• _DATA EXCERPTS_:

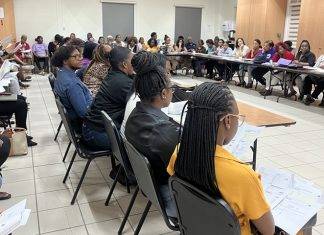 Minister Marinka Gumbs Urges Participation as Financial Literacy Month Free Workshops Continue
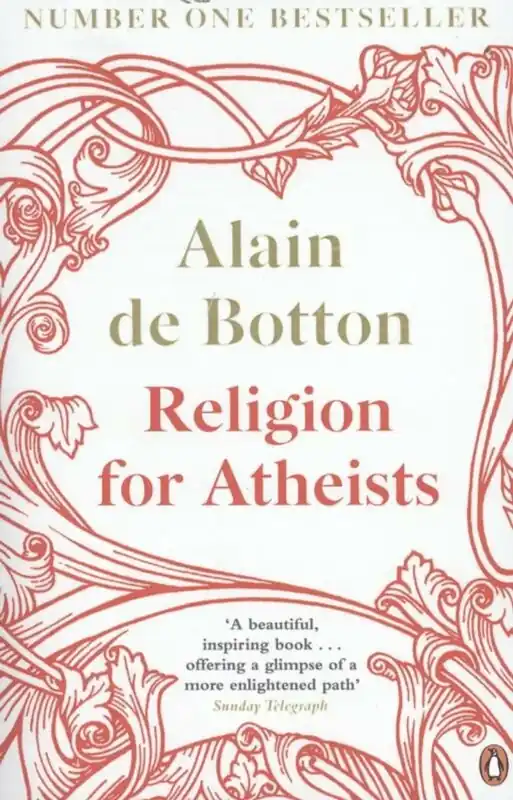 Flitsaanbieding Religion For Atheists - Alain de Botton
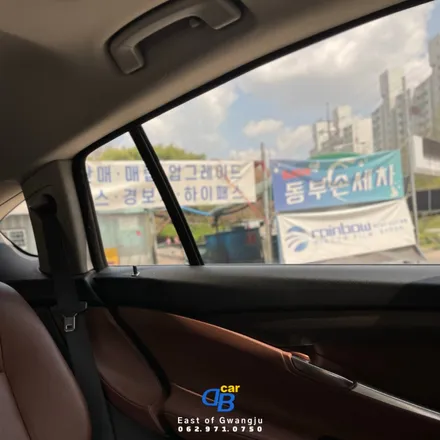 광주 광산구 썬팅 맛집 BMW GT 틴팅 재시공-동부카오디오 DBCARLAB
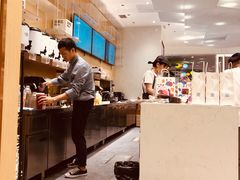 大堂-奈雪的茶(国金中心店)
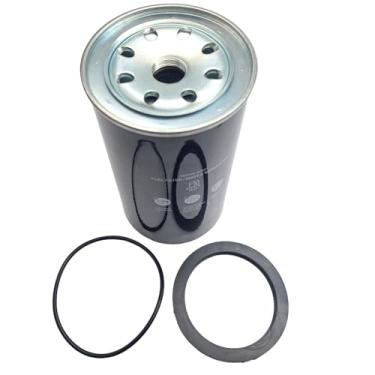 Imagem de Haiyazhma Novo filtro de óleo hidráulico AT184206 184206 compatível com John Deere 1850 210C 210LE 300D 310C 310E 315C 410D 410E 410G 482C 540E 540G 643D 670B 670C 7700C B 770C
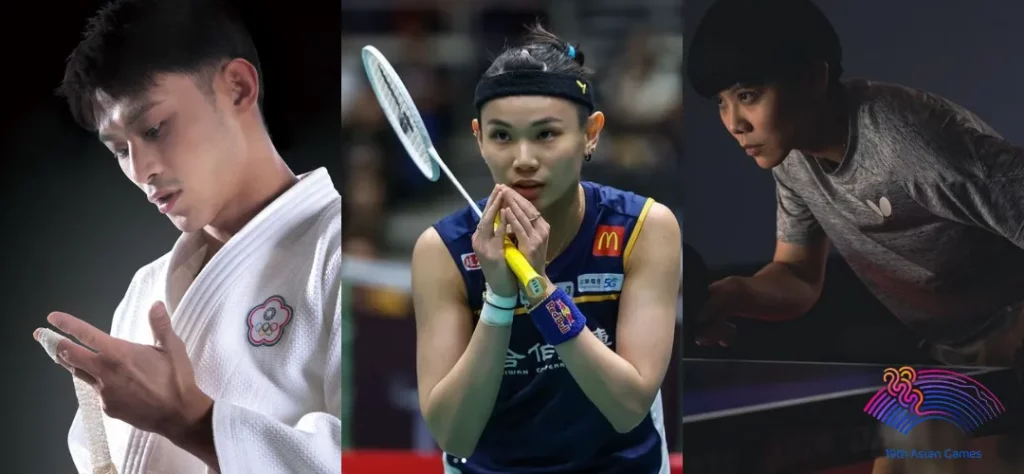 【2023杭州亞運懶人包】日期、賽程一次看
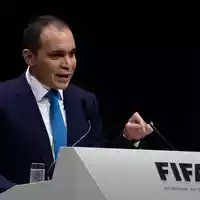 Trat gegen Infantino bei der Präsidentschaftswahl der FIFA 2016 an: Prinz Ali bin al-Hussein aus Jordanien. (Archivbild) - Foto: picture alliance / dpa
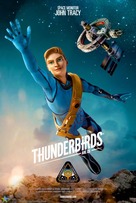 &quot;Thunderbirds Are Go&quot; - British Movie Poster (xs thumbnail)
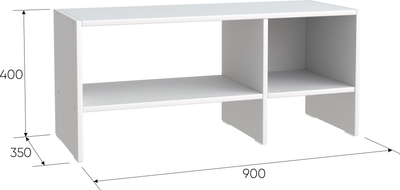 Тумба Mio Tesoro Мини 2.07.03.100.4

• _PROBLEM DESCRIPTION_:
The records above should be returned word for word, with every picture left out.

• _EXPECTED OUTPUT_:
 Minister Marinka Gumbs Urges Participation as Financial Literacy Month Free Workshops Continue
 Flitsaanbieding Religion For Atheists - Alain de Botton
 광주 광산구 썬팅 맛집 BMW GT 틴팅 재시공-동부카오디오 DBCARLAB
 大堂-奈雪的茶(国金中心店)
 Imagem de Haiyazhma Novo filtro de óleo hidráulico AT184206 184206 compatível com John Deere 1850 210C 210LE 300D 310C 310E 315C 410D 410E 410G 482C 540E 540G 643D 670B 670C 7700C B 770C
 【2023杭州亞運懶人包】日期、賽程一次看
 Trat gegen Infantino bei der Präsidentschaftswahl der FIFA 2016 an: Prinz Ali bin al-Hussein aus Jordanien. (Archivbild) - Foto: picture alliance / dpa
 &quot;Thunderbirds Are Go&quot; - British Movie Poster (xs thumbnail)
 Тумба Mio Tesoro Мини 2.07.03.100.4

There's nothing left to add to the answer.